Restate word for word the entries below, starting with the line with "NWT Abercrombie &" and continuing through the line with "Hoppy halloween text". Include both of those lines and no others.

Stored dataset items:
---+---
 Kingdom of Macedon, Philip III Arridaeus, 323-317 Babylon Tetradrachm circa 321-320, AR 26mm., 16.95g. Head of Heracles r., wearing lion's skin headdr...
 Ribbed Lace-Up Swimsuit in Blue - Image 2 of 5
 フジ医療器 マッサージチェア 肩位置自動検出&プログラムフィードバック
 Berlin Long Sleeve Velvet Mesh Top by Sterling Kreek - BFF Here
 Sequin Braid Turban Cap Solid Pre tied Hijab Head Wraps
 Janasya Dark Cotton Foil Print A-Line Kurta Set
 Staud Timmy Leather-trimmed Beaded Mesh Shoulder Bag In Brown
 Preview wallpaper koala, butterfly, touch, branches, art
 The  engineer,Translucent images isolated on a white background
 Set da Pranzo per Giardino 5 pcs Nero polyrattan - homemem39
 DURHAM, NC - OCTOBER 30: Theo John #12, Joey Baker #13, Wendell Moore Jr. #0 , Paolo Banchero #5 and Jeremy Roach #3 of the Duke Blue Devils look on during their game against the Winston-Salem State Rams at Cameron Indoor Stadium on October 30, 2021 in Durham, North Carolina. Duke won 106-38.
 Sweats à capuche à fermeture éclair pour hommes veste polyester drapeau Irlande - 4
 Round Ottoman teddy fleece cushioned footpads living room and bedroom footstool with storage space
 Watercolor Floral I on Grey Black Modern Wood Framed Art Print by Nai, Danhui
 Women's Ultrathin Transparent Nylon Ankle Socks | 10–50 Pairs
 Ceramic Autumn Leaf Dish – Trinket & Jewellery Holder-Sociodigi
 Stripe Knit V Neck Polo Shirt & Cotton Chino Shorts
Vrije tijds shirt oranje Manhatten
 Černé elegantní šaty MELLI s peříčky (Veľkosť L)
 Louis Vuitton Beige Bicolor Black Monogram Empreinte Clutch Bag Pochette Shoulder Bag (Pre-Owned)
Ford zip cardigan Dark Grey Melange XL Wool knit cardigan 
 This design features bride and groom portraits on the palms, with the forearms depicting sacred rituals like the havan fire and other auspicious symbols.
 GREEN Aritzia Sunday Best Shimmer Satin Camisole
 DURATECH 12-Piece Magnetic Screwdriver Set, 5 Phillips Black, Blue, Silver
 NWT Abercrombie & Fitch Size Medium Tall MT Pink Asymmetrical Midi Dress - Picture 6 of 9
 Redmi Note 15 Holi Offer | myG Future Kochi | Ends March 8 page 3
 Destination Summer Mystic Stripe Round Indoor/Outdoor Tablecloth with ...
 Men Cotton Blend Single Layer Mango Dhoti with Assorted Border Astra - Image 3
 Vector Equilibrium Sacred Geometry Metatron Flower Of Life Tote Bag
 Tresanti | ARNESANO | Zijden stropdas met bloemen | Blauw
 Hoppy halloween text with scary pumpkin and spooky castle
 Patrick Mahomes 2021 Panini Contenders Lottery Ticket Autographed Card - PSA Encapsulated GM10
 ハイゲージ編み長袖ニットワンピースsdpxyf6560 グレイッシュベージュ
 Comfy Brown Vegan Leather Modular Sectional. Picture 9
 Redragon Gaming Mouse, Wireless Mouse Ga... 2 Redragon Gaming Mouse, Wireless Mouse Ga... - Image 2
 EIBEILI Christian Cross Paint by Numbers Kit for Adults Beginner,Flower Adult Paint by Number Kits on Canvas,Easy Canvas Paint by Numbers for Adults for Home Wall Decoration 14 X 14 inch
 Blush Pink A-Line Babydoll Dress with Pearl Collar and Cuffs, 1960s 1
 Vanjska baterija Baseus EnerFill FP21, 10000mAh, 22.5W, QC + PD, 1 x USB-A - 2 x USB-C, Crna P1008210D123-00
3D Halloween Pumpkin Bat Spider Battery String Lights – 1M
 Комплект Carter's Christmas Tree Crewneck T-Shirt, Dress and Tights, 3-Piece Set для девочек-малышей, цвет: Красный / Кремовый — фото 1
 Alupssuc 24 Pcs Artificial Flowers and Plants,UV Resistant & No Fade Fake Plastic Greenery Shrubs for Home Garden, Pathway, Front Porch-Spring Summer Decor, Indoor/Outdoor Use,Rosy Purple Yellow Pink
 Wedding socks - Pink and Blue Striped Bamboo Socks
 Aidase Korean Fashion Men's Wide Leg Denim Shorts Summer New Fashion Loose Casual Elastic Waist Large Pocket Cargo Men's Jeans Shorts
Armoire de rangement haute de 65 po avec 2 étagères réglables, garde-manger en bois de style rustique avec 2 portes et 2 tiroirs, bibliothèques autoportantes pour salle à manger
---+---
**YOUR SOLUTION**
 NWT Abercrombie & Fitch Size Medium Tall MT Pink Asymmetrical Midi Dress - Picture 6 of 9
 Redmi Note 15 Holi Offer | myG Future Kochi | Ends March 8 page 3
 Destination Summer Mystic Stripe Round Indoor/Outdoor Tablecloth with ...
 Men Cotton Blend Single Layer Mango Dhoti with Assorted Border Astra - Image 3
 Vector Equilibrium Sacred Geometry Metatron Flower Of Life Tote Bag
 Tresanti | ARNESANO | Zijden stropdas met bloemen | Blauw
 Hoppy halloween text with scary pumpkin and spooky castle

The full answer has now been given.